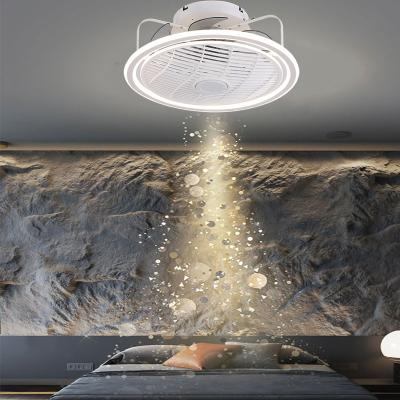 China Modern Modern Room Hidden Blade Led Ceiling Fan Light Fixtures With Remote for sale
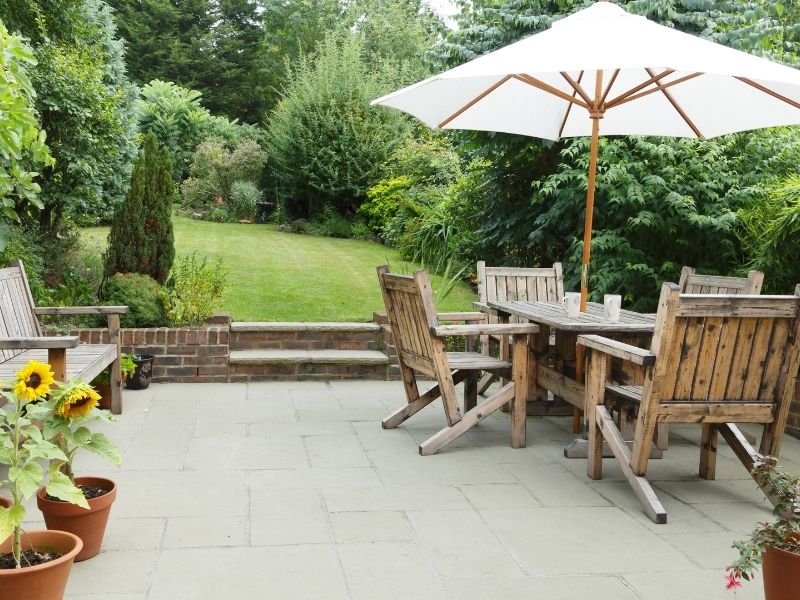 patio design ideas uk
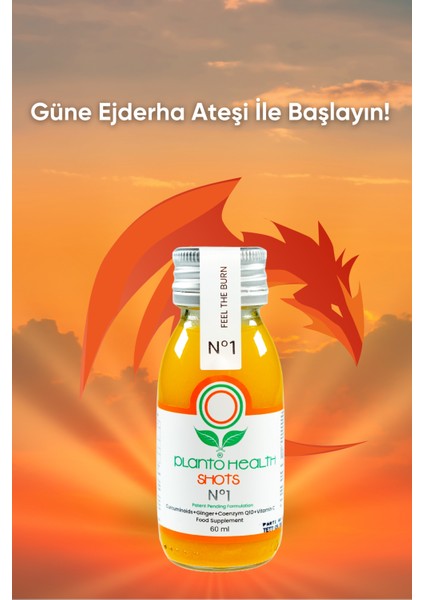 health Shots No1 (Kurkumin+Zencefil+Vitamin C+Koenzim Q10)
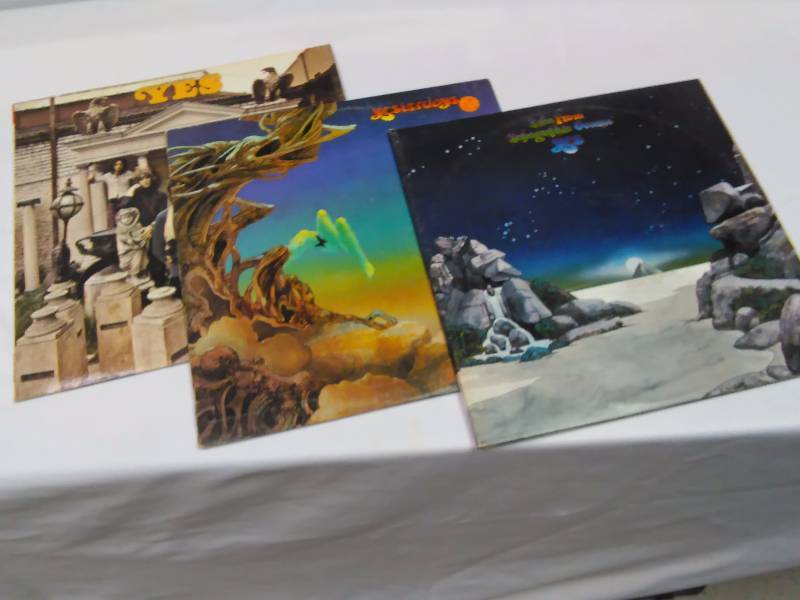 lot 18 image: YES (3) YES (self-titled), Yesterdays, Tales from the Topographic Oceans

#####

Assignment:
Please return the lines above exactly, with the pictures omitted.

Exercise solution:
 China Modern Modern Room Hidden Blade Led Ceiling Fan Light Fixtures With Remote for sale
 patio design ideas uk
 health Shots No1 (Kurkumin+Zencefil+Vitamin C+Koenzim Q10)
 lot 18 image: YES (3) YES (self-titled), Yesterdays, Tales from the Topographic Oceans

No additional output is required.